Embarquer sur ce bateau, c’est effectuer une suave incursion, à petites doses et en touches toutes délicates, dans un Sénégal authentique et onirique. Depuis cinq ans, cet ancien navire de fret construit en 1950, reconverti en bateau de croisière intimiste, arpente des lieux peu fréquentés et intemporels dans le nord d’un pays qui figure parmi les plus ouverts et les plus chaleureux d’Afrique.

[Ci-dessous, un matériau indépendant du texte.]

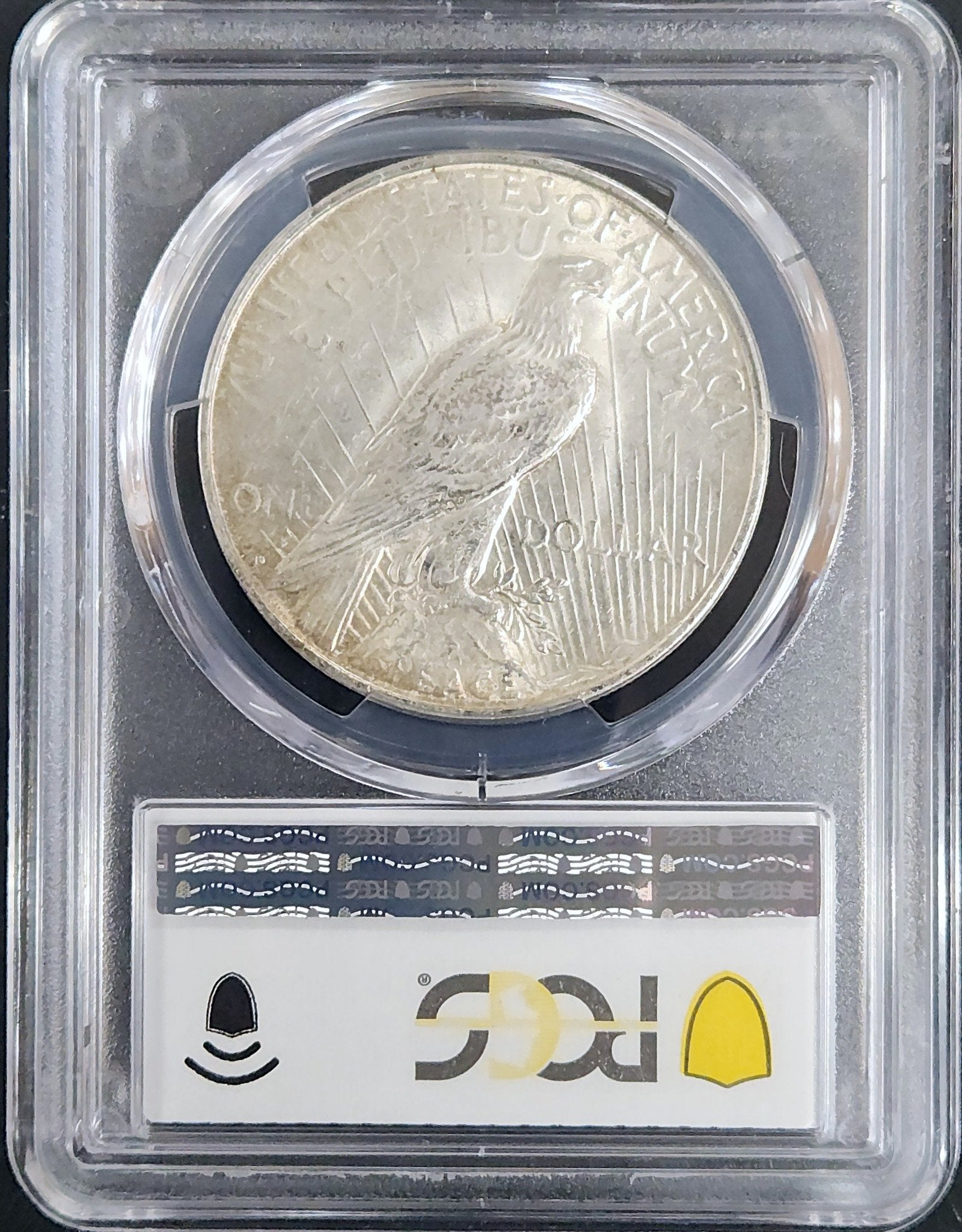 1922-D Peace Dollar AU55 PCGS 7899.55-1000073580055055922301 — Reverse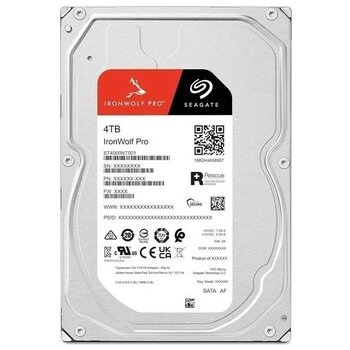 Seagate Ironwolf Pro 4tb 7200RPM 256MB Sata3 ST4000NT001 Nas HDD Resmi Disti Garantili - 4 TB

En cinq jours et sur 200 km, on croise tout ce qui grouille et grenouille aux abords de la frontière liquide séparant le Sénégal de la Mauritanie: villages atypiques, piroguiers alanguis, fabuleuses réserves aviaires et villes au charme suranné. Le tout, en français et dans le plus grand confort.

Au pays des Toucouleurs

Tout commence à Podor, croquignolette bourgade assoupie au bord du fleuve, où le bateau est amarré. Le long du quai, les façades délavées des anciens commerces de l’époque coloniale n’ont pas vu l’ombre d’un client depuis le déclin du négoce de la gomme arabique et de l’ivoire au 20e siècle. En revanche, le fort Faidherbe, construit par les Français pour résister aux attaques des Maures, revit depuis qu’il a été restauré il y a quelques années.

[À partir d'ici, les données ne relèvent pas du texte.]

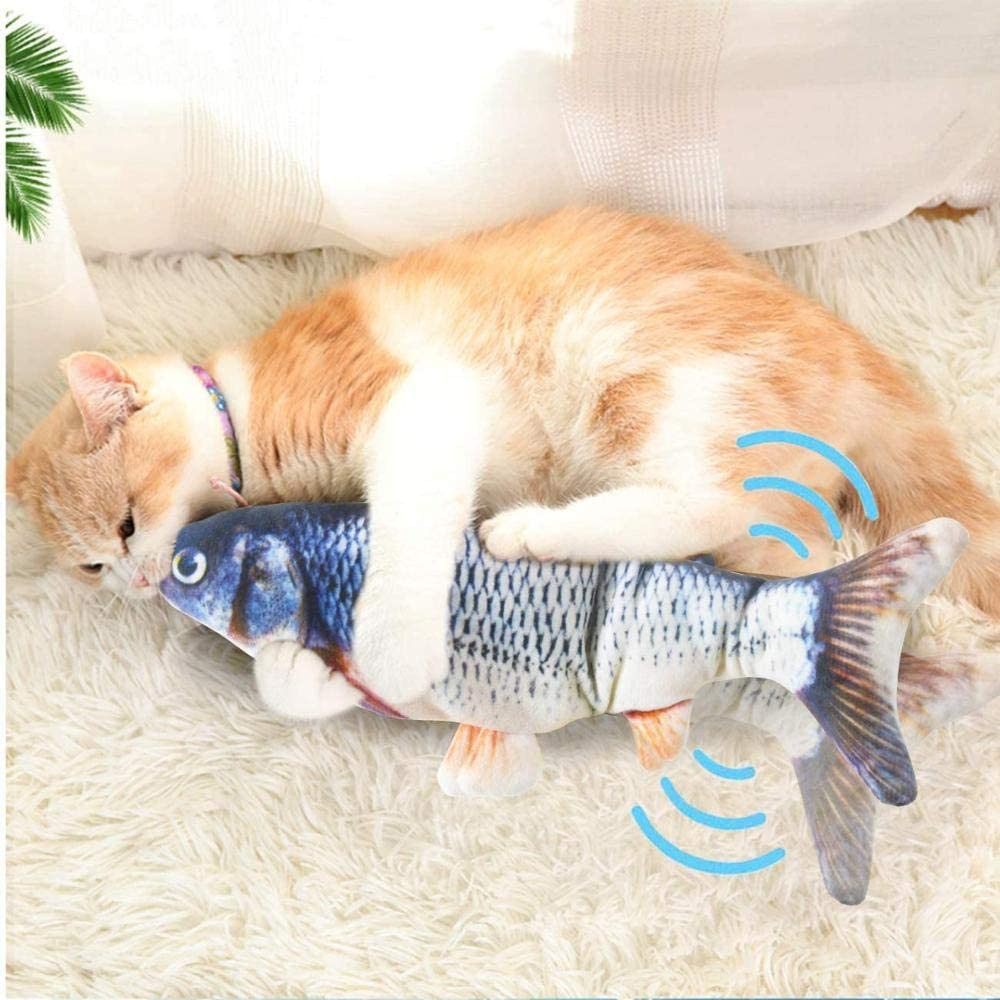 Мърдаща се играчка рибка за котки с USB батерия - Image 8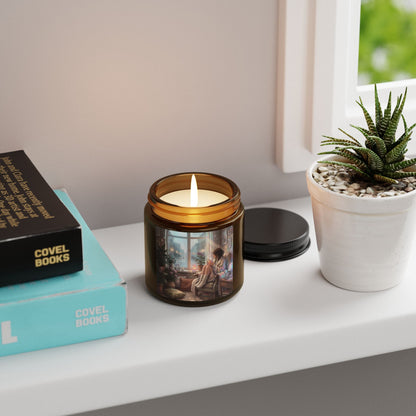 Cozy Rainy Day- Amber Jar Soy Scented Candle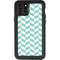 Blue White Chevron iPhone 11 Pro Waterproof Case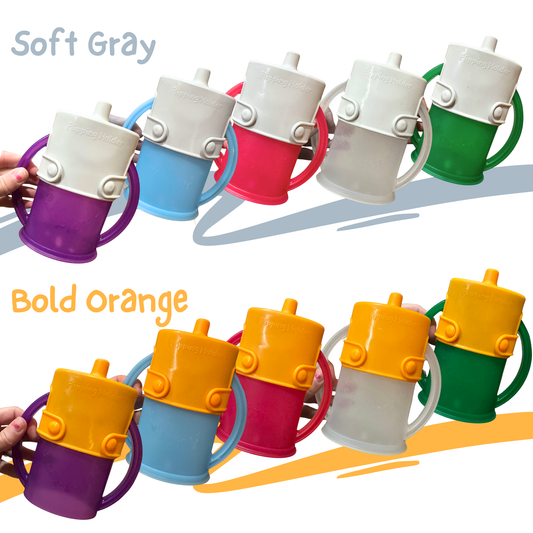 Flipping Holder DELUXE with lid PLUS SIP TOP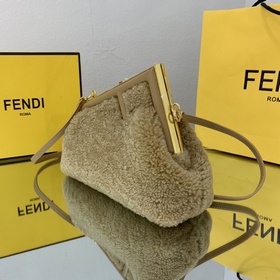 FENDI Меньшая сумка из овечьей шерсти высшего качества сумка Fir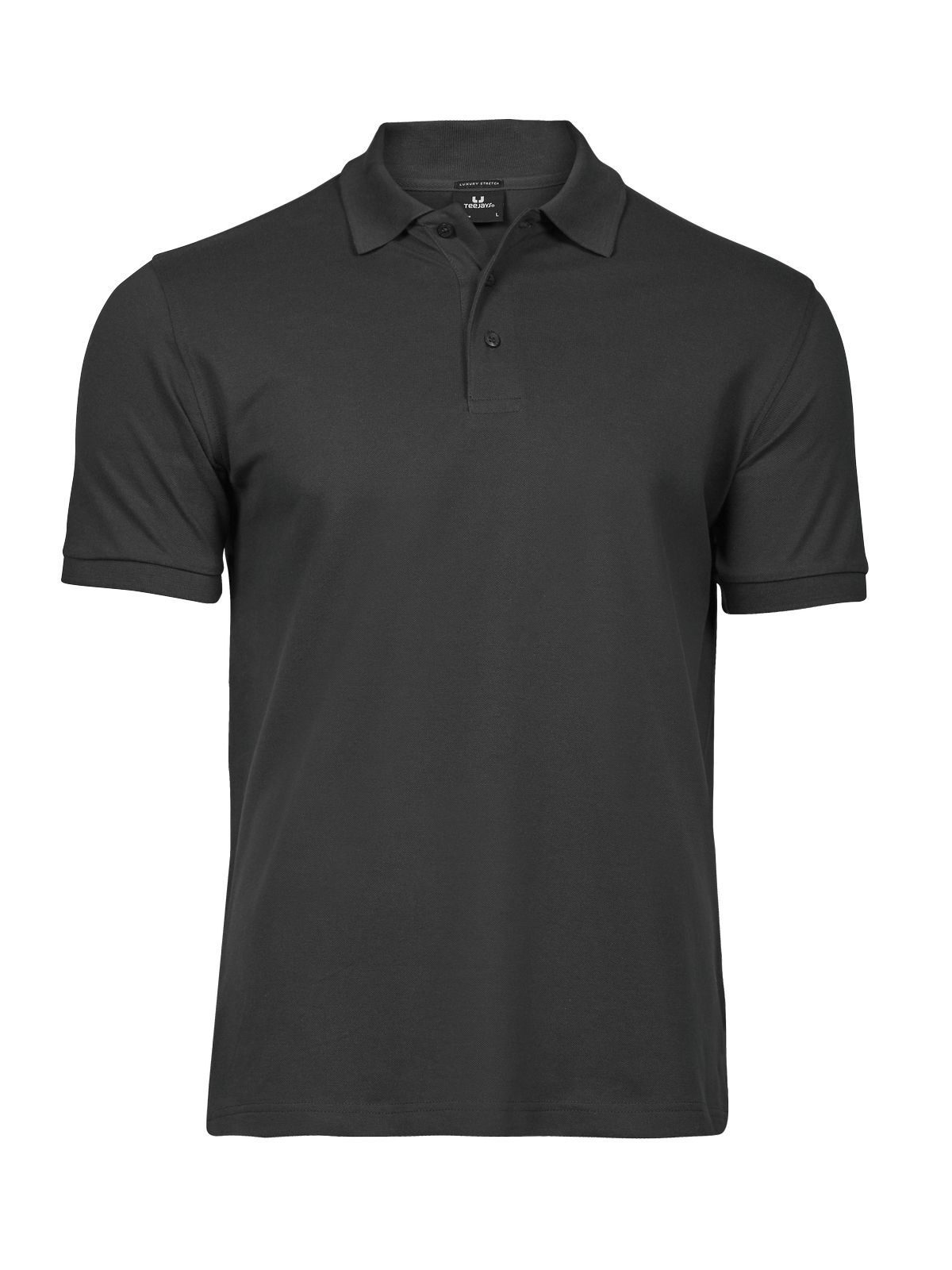 Luxuriöses Stretch-Polohemd für Herren - Dunkelgrau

Du haut de ses murs, on a un avant-goût du décor à venir: aussi loin que porte le regard, tout verdit sur le passage du fleuve, même si la steppe domine les environs. Pas étonnant qu’autant de gens vivent près de ce cours d’eau.

 

Observer la vie qui s’égrène le long du fleuve est un plaisir dont on ne se lasse pas: les troupeaux de chèvres se bousculent pour s’abreuver, les lavandières étendent leurs étoffes pour les faire sécher, les enfants s’ébrouent dans l’eau, et les vieux papotent devant leur hutte.

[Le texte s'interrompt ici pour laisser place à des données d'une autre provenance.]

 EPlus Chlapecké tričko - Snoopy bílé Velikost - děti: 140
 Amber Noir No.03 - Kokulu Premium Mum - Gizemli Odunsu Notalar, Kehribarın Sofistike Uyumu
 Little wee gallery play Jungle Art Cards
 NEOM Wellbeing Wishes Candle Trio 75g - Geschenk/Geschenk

Tandis que j’observe la scène, le navire stoppe les machines: me voici dans l’ancien royaume des Toucouleurs, des nomades peuls aujourd’hui sédentarisés. Je m’installe dans une barque et je gagne un de leurs villages, qui date du 13e siècle et dont les habitations en boue et bouse séchées n’ont pas changé d’aspect depuis. «La dernière fois que des étrangers sont venus ici, c’était avec nous il y a un mois», explique Anssou, le guide du Bou.

Malgré les conditions de vie rudimentaires, personne ne semble manquer de quoi que ce soit. Ici, chacun s’habille d’étoffes chamarrées, qui se détachent lumineusement sur fond d’étroites ruelles café crème. C’est la même chose dans l’éblouissant village de Saldé, en Mauritanie, où le Bou accoste ensuite. À notre arrivée, les villageois entament une danse endiablée à laquelle les autres passagers se joignent – bien que ça sente un tantinet la mise en scène.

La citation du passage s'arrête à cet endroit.